La fille bien-aimée d’Aryâmân, la vierge Phalya-Mani, aimait à jouer matin et soir, dans la vallée natale, avec ses jeunes compagnes et les gazelles familières qu’elle nourrissait de sa main et qui buvaient dans ses paumes délicates. Et Phalya-Mani était très belle.

Elle avait une robe de soie blanche brodée de fleurs de nymphéa rosé. Un bandeau de mousseline semée de perles de Lanka retenait ses tresses lisses. Sa chaussure était de fil de nopal teinté de cochenille. Ses yeux, étroits et longs, étincelaient à travers l’ombre lumineuse de ses cils ; son nez charmant était pointu comme la flèche du désir ; ses lèvres luisaient comme les pétales de l’açoka, et leur sourire était semblable à la première clarté de l’aurore sur la neige pure du Suryâgiri. Ses genoux étaient comme deux boules d’ivoire poli. De légers bracelets d’or ornés de petites clochettes d’argent pressaient ses jambes rondes et fines, et, sous le triple collier de rubis, son jeune sein soupirait plus doucement que la colombe dans les figuiers touffus. Phalya-Mani était la Fleur du Madhyadeça, la Perle du monde.

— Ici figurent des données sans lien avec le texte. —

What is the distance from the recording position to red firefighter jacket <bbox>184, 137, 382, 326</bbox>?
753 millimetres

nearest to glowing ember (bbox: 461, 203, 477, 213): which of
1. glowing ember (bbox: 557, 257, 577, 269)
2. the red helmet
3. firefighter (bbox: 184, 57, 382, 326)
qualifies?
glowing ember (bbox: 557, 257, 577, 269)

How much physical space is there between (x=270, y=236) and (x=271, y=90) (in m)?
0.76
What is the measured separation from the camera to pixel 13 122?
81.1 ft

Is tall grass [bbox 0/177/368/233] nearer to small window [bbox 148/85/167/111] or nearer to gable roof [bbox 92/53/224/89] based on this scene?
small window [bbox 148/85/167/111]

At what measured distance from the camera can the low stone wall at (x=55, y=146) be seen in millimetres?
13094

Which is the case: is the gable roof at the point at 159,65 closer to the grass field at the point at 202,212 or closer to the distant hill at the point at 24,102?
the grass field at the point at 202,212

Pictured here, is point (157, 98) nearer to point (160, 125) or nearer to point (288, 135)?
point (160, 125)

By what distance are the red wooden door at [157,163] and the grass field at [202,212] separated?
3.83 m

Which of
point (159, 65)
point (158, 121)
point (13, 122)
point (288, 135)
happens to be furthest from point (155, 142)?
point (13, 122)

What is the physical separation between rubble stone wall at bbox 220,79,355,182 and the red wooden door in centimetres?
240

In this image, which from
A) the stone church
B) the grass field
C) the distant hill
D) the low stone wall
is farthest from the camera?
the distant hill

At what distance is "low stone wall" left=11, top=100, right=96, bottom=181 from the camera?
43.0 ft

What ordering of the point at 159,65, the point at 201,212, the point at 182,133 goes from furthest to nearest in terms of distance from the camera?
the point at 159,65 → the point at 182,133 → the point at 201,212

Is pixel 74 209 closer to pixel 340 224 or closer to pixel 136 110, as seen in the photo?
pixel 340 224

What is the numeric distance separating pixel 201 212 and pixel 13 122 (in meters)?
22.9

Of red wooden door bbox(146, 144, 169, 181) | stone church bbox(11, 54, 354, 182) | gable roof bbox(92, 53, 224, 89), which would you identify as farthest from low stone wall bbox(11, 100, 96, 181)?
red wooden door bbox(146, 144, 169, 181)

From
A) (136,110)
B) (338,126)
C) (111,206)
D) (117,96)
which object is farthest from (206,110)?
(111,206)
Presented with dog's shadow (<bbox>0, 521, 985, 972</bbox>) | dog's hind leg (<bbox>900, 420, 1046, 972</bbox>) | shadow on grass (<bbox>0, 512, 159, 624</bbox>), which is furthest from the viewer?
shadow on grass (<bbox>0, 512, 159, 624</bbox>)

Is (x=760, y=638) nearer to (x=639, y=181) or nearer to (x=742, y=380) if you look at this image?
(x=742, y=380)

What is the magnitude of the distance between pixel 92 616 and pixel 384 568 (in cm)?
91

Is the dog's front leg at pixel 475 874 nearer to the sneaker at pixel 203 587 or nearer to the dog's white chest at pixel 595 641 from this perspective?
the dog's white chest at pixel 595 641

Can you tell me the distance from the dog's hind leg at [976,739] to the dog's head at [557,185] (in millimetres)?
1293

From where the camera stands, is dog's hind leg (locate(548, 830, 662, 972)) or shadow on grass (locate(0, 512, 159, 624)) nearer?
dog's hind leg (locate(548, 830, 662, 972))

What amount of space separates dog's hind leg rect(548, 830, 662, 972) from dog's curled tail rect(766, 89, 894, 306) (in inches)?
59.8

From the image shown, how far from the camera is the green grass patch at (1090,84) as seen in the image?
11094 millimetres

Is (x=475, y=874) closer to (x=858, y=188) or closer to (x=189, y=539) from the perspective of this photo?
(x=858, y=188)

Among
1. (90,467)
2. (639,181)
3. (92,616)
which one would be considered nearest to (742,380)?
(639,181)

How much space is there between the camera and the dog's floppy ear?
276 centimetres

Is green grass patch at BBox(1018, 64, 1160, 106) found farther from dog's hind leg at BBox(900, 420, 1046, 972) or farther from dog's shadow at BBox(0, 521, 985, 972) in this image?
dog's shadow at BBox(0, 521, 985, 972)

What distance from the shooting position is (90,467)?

Et c’est pourquoi Vyâghrâ, le neveu d’Aryâmân le Pandavaïde, très-brave, très-fort, très-agile, et pareil au tigre rayé des gorges de l’Himavat, aimait la fille du frère de son père. Mais il n’était ni pieux, ni pacifique, et le vénérable Radjah l’avait rejeté de sa présence, et Vyâghrâ était parti, emportant le cœur de Phalya-Mani.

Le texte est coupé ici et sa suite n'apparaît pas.